▶ [Task to carry out]: When the listing below reaches the line that has "Gold Gebraucht 2018", start reproducing exactly; stop after the line that has "Verde Nuevo 2025", and drop the pictures.

▶ [Dataset]:
--

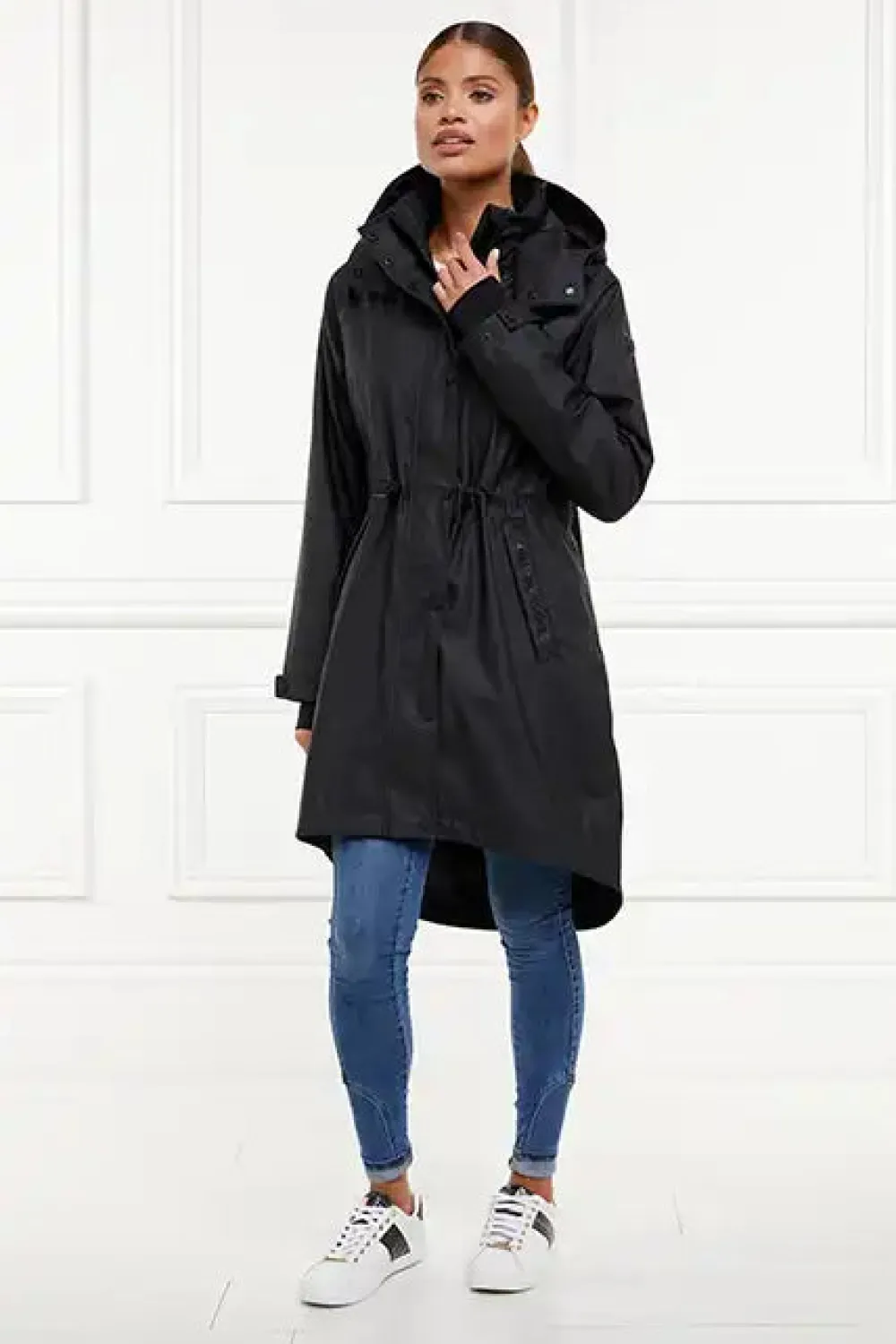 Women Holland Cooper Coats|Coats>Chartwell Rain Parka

--

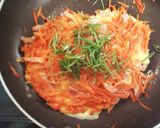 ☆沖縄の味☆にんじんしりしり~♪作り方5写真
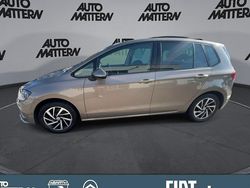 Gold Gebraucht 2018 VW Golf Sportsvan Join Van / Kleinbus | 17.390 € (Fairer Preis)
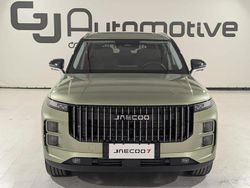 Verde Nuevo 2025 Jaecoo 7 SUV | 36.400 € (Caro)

--

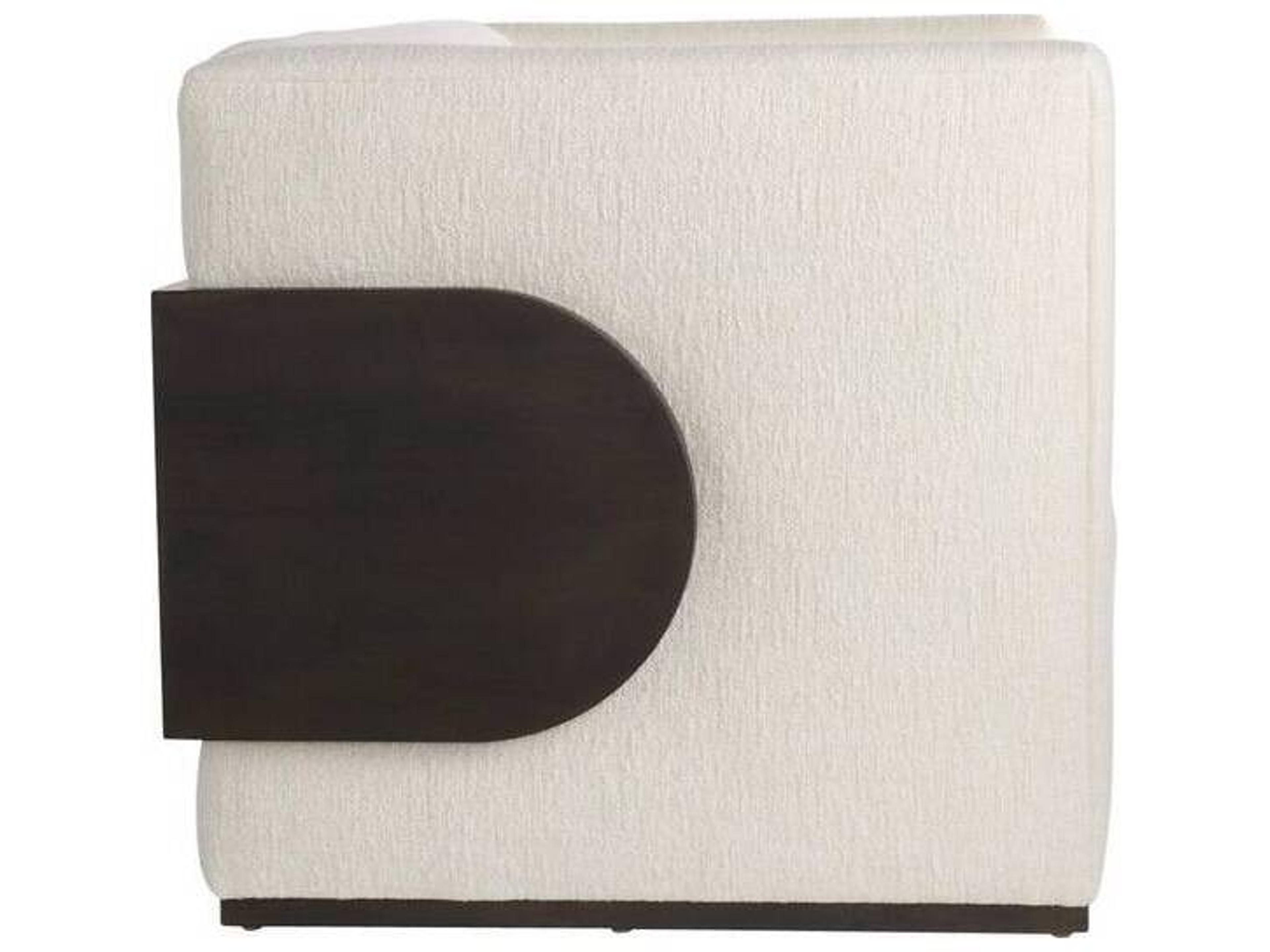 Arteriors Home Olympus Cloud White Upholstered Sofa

--

▶ [Output for this task]:
 Gold Gebraucht 2018 VW Golf Sportsvan Join Van / Kleinbus | 17.390 € (Fairer Preis)
 Verde Nuevo 2025 Jaecoo 7 SUV | 36.400 € (Caro)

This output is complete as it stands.